Guernsey Press

ESC has no timeline for La Mare Primary redevelopment

EDUCATION has no idea when La Mare de Carteret Primary School will be redeveloped.

Published
Education president Andrea Dudley-Owen. (Picture by Peter Frankland, 32145085)

The school was opened nearly 50 years ago with a lifespan of 25 years and successive committees have admitted that its buildings are no longer fit for purpose.

But Education, Sport & Culture president Andrea Dudley-Owen said that a decision about the school’s future must await a review of primary education which is being left for a future States Assembly.

‘The States has resolved that the primary review will not take place this term. The timing of the review will be considered by the next committee following the general election in 2025.

‘A decision on the La Mare de Carteret Primary redevelopment cannot be finalised until after that review has been completed,’ said Deputy Dudley-Owen.

In response to a question about the cost of maintaining La Mare in its current condition, the States’ property unit said its pay and non-pay budget was about £250,000 a year for the hard and soft facilities at the school.

‘It has been identified by successive Education committees that the school’s facilities are not at the standard we would wish,’ said Deputy Dudley-Owen.

‘Investment has been made to improve the building, but this is acknowledged as being a temporary rather than permanent solution.’

The States was first asked to redevelop La Mare primary nearly 10 years ago.

At that time the Education Department said the school had ‘high energy costs, increasing maintenance costs [and] classrooms are generally too small and facilities outdated...basically, they are no longer fit for purpose’.

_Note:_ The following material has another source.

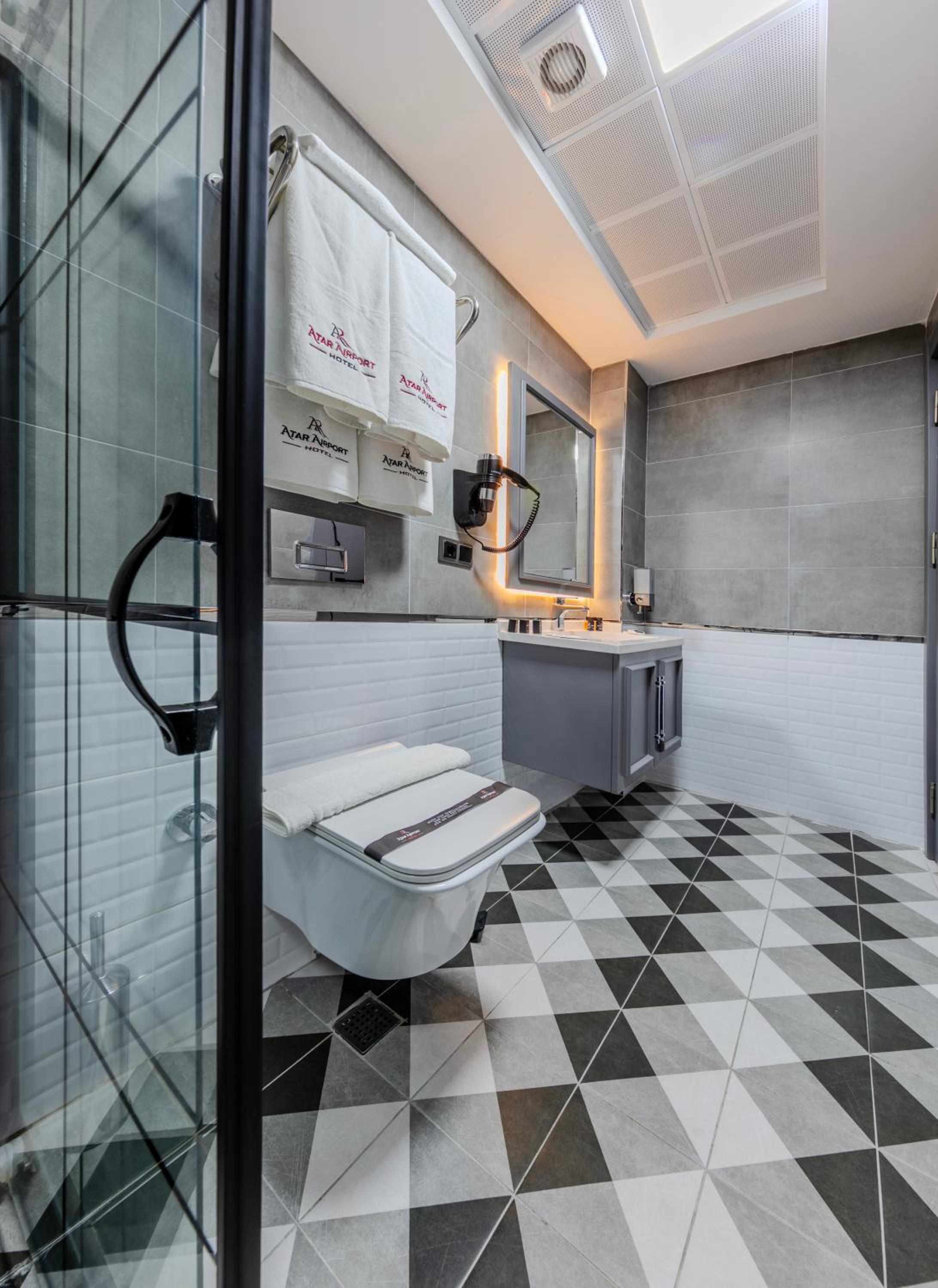 Deluxe Triple Room - Photo 7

In 2019 deputies agreed a budget to redevelop the school over a two-year period from 2022, subject to Education having carried out the wider primary review which has now been delayed indefinitely.

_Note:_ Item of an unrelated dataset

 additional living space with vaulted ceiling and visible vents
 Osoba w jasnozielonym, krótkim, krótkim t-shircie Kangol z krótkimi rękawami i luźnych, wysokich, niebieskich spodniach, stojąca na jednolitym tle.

Deputy Peter Roffey recently appealed to Education to bring forward its review after it was revealed that three primary schools would cut their number of reception classes from September, following the same move at another school last year, in response to falling rolls.

‘I am conscious of recent political commentary from some members, including an article written by Deputy Roffey in the Guernsey Press, and I am intending to write my own so that the community receives a more rounded explanation of the circumstances surrounding the timing of the primary review,’ said Deputy Dudley-Owen yesterday.